駄目な日本語を斬る。いい加減な発言も斬る。文化、科学、芸能、政治、暮しと、目にした物は何でも。文句は過激なくらいがいい。

日本語は面白い。「下さい」は命令形なのだ

2008年08月11日 | Weblog
 「下さい」を辞書で引くと、載っていない辞書がある。なぜなのか。「下さい」は「下さる」の命令形に過ぎないからだ。活用形の形で載せている辞書は無い。普通はすべて終止形である。
 でも変だと思いませんか? 「下さる」は「くれる」の尊敬語だ。「下す」は文字通り「移しおろす」である。だから「くれる」が既に恩恵の響きがある。従って「下さる」なら、本当にこちらは肩身が狭い感じになる。
 そんなに肩身が狭いのに、その命令形だと? どこの世界に命令形でお願いをする事があろうか。英語なら「プリーズ」が前に付く。だが日本語の「下さい」はそのままでも通る。
 そして更には、「頂く」が物でも行為でも使えるのと同じように、「ください」も物だけではなく、行為にも使う。「……して下さい」と。
 そしてこれまた、行為の場合には「ください」と仮名書きにせよ、と命令される。
 「お手紙下さい」は手紙その物なら「下さい」で良いが、「書いて」なら「ください」と仮名書きにしなければならないのだと言う。馬鹿を言っちゃあいけません。
 言った側ならどちらの意味で言ったのかは分かる。しかしそうでなければ、分からない。それに言った側だって、物なのか行為なのかを区別しているはずが無い。どっちだって同じ意味なのだ。

 さて、「下さい」は普通はお願いとして使われている。「一列にお並び下さい」は「一列に並ぶ」ようにお願いをしている。
 しかし出自が命令形なのだから、どうしてもその命令の気持は残ってしまう。確かに「一列にお並び下さい」はお願いではある。だが、「一列に並ばなきゃ、乗せてやんないよ」あるいは「売ってやんないよ」と言っているように聞こえないだろうか。
 実際に、どうしても一列に並ばなければならないような情況の下でそう言っているのである。従わざるを得ないではないか。だから、私は言葉はお願いだが、これは強制だ、といつも思って聞いている。
 だからだろう、前に「どうぞ」とか「どうか」を付けて、お願いの気持に近づけようとする。でも、どうせお願いだと言いたいのなら「どうかお並び下さい」ではなく、「どうかお並び願います」と言えば良いではないか、と思う。

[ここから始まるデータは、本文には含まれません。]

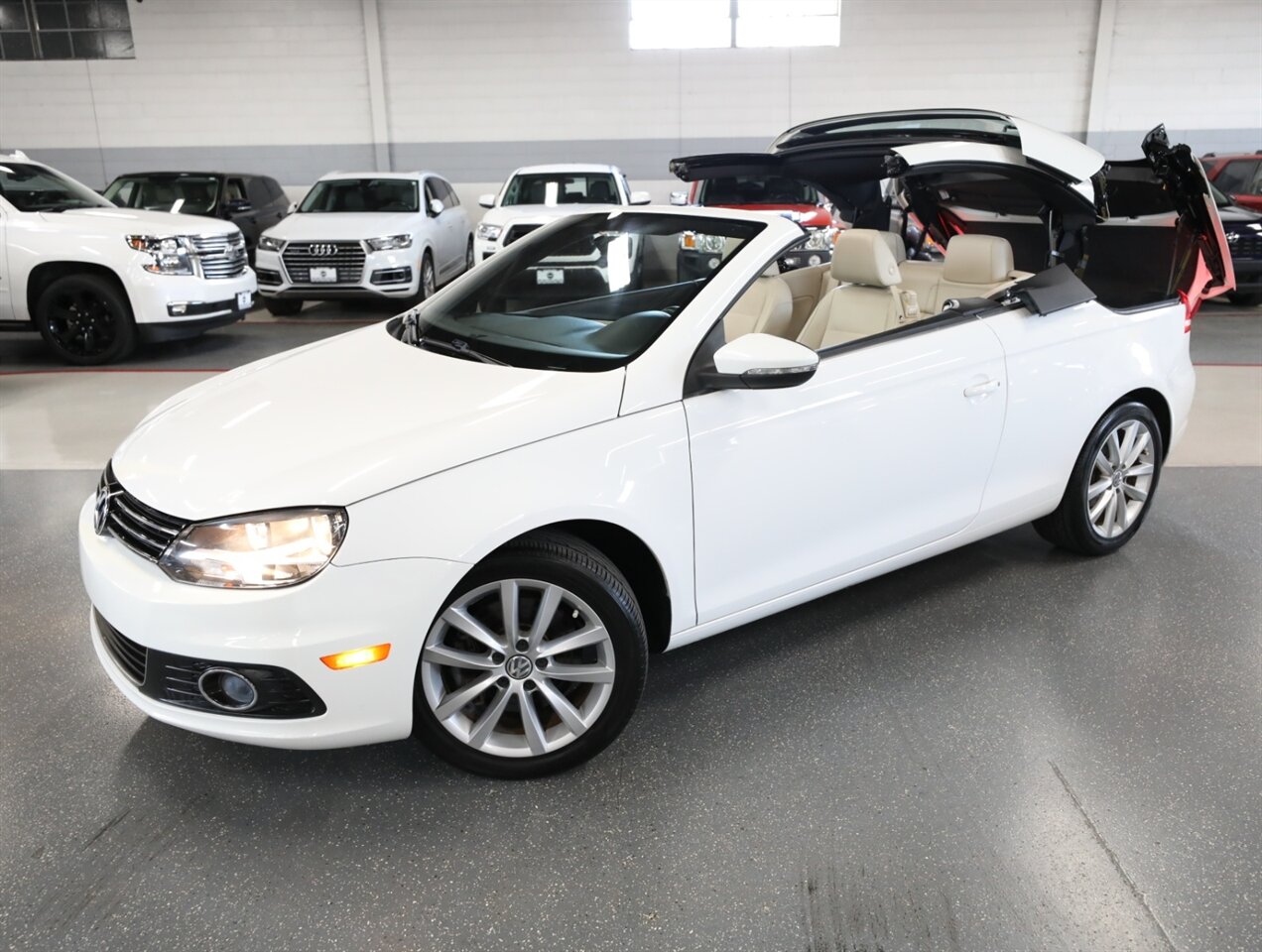 2013 Volkswagen Eos Komfort SULEV - Photo 7 - Addison, IL 60101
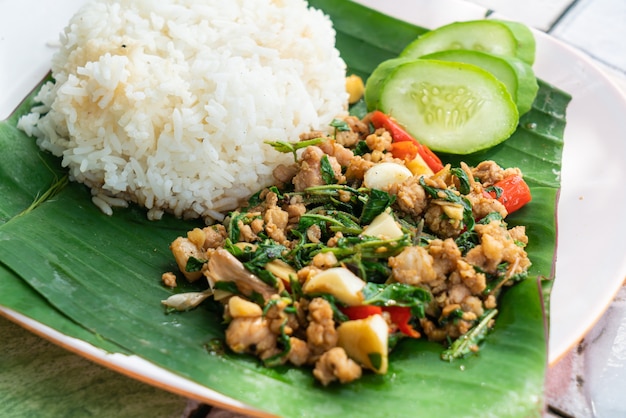 sauté de porc haché et basilic avec du riz. Style de cuisine de rue thaïlandaise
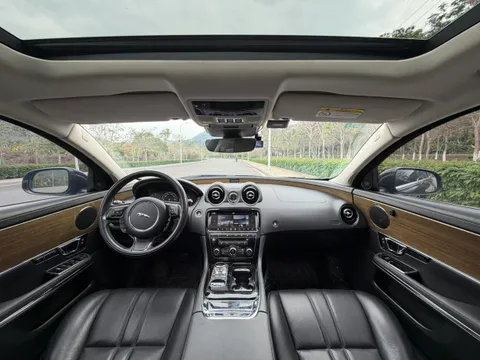 Jaguar XJ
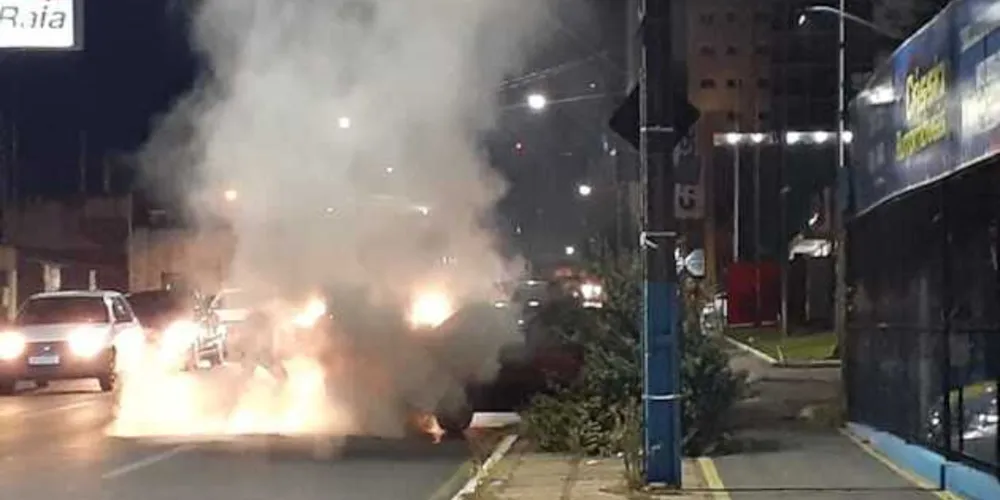 Imagem ilustrativa da imagem Incêndio destrói carro na Avenida Carlos Cavalcanti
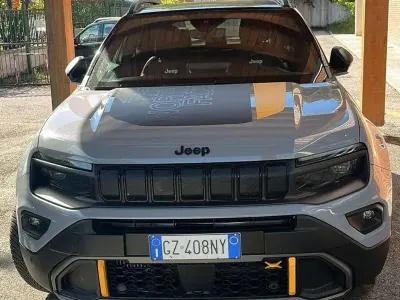 Usata Jeep Avenger North 136 CV (100 kW) 2025 Grigio SUV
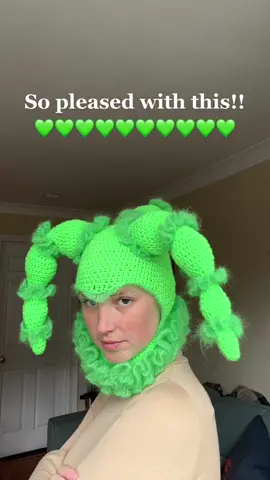 Cha cha cha but make it #jestercore 💚🐸 @Käärijä i love you xxx #crochet #eurovision 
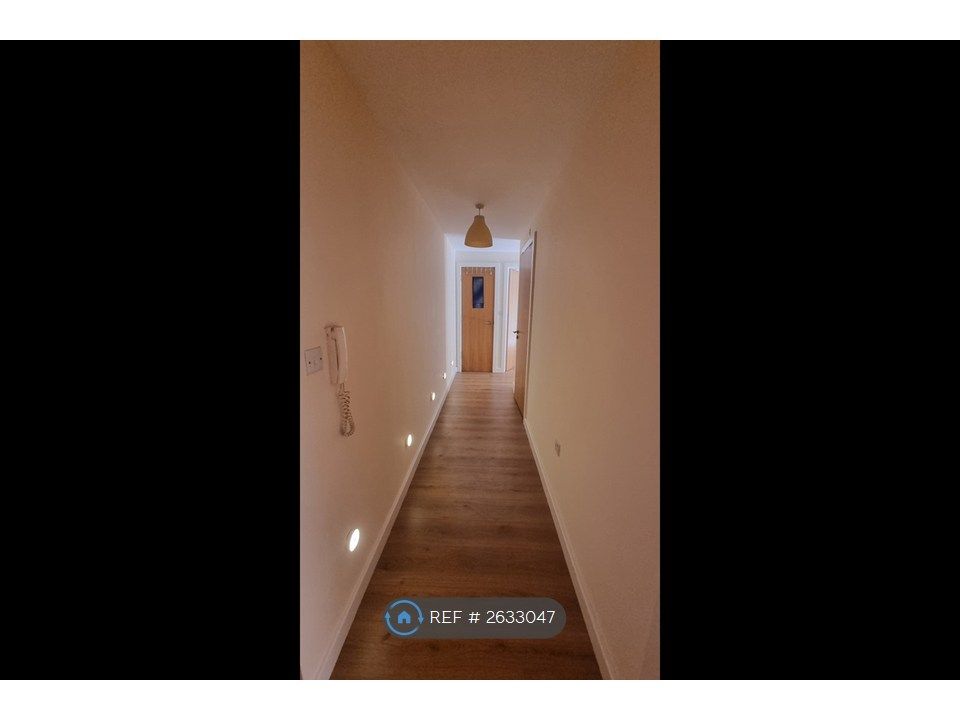 Property photo 3 of 12 Corridor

 「下さい」の対象が相手の行為だからそうなる。前回の「休ませて頂きます」の対象が自分の行為であるのと対照的である。「休ませて」が自分の行為だから、「休みます」と言う方が素直で気持がいいのと同様に、「お並び」が相手の行為だから「お願いします」の方がずっと素直で気持が良いのだと私は考えている。